▶ _EXERCISE DESCRIPTION_: Please output, without any change, the lines of the material below from the very first through the one with "Bvlgari Monete Zip".

··· SOURCE DATA

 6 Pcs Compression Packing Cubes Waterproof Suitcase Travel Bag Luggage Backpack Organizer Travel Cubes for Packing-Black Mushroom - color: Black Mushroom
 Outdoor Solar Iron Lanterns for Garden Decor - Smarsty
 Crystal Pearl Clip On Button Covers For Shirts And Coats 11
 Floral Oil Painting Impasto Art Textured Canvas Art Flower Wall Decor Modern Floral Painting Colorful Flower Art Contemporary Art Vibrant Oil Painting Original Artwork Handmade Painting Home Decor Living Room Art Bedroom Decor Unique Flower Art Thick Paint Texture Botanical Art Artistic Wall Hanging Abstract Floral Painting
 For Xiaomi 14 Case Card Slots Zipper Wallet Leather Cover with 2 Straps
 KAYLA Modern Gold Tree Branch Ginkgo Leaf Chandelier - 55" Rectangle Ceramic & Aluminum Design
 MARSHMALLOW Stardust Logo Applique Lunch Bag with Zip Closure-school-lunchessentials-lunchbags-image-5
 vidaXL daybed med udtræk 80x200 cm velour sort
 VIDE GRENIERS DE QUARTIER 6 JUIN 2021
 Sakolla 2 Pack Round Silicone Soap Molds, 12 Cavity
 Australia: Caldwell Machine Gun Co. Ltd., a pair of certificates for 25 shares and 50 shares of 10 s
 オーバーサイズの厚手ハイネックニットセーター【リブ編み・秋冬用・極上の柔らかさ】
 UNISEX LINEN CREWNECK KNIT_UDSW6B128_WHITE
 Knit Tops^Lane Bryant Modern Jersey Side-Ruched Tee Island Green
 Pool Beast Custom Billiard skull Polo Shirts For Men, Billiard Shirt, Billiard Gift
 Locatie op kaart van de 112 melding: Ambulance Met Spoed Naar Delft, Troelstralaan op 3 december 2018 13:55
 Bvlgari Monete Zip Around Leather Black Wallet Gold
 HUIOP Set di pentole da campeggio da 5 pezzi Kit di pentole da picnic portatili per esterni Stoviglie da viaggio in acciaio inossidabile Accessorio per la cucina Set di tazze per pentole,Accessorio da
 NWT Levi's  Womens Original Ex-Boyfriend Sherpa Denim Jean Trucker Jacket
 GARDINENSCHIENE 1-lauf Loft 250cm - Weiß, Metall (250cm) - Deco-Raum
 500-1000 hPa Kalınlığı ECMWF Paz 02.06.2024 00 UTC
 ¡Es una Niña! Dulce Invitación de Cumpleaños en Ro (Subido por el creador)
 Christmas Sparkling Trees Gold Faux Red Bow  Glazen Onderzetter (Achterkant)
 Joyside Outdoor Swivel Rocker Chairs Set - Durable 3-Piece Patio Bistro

······

▶ _RESULT OF THIS EXERCISE_:
 6 Pcs Compression Packing Cubes Waterproof Suitcase Travel Bag Luggage Backpack Organizer Travel Cubes for Packing-Black Mushroom - color: Black Mushroom
 Outdoor Solar Iron Lanterns for Garden Decor - Smarsty
 Crystal Pearl Clip On Button Covers For Shirts And Coats 11
 Floral Oil Painting Impasto Art Textured Canvas Art Flower Wall Decor Modern Floral Painting Colorful Flower Art Contemporary Art Vibrant Oil Painting Original Artwork Handmade Painting Home Decor Living Room Art Bedroom Decor Unique Flower Art Thick Paint Texture Botanical Art Artistic Wall Hanging Abstract Floral Painting
 For Xiaomi 14 Case Card Slots Zipper Wallet Leather Cover with 2 Straps
 KAYLA Modern Gold Tree Branch Ginkgo Leaf Chandelier - 55" Rectangle Ceramic & Aluminum Design
 MARSHMALLOW Stardust Logo Applique Lunch Bag with Zip Closure-school-lunchessentials-lunchbags-image-5
 vidaXL daybed med udtræk 80x200 cm velour sort
 VIDE GRENIERS DE QUARTIER 6 JUIN 2021
 Sakolla 2 Pack Round Silicone Soap Molds, 12 Cavity
 Australia: Caldwell Machine Gun Co. Ltd., a pair of certificates for 25 shares and 50 shares of 10 s
 オーバーサイズの厚手ハイネックニットセーター【リブ編み・秋冬用・極上の柔らかさ】
 UNISEX LINEN CREWNECK KNIT_UDSW6B128_WHITE
 Knit Tops^Lane Bryant Modern Jersey Side-Ruched Tee Island Green
 Pool Beast Custom Billiard skull Polo Shirts For Men, Billiard Shirt, Billiard Gift
 Locatie op kaart van de 112 melding: Ambulance Met Spoed Naar Delft, Troelstralaan op 3 december 2018 13:55
 Bvlgari Monete Zip Around Leather Black Wallet Gold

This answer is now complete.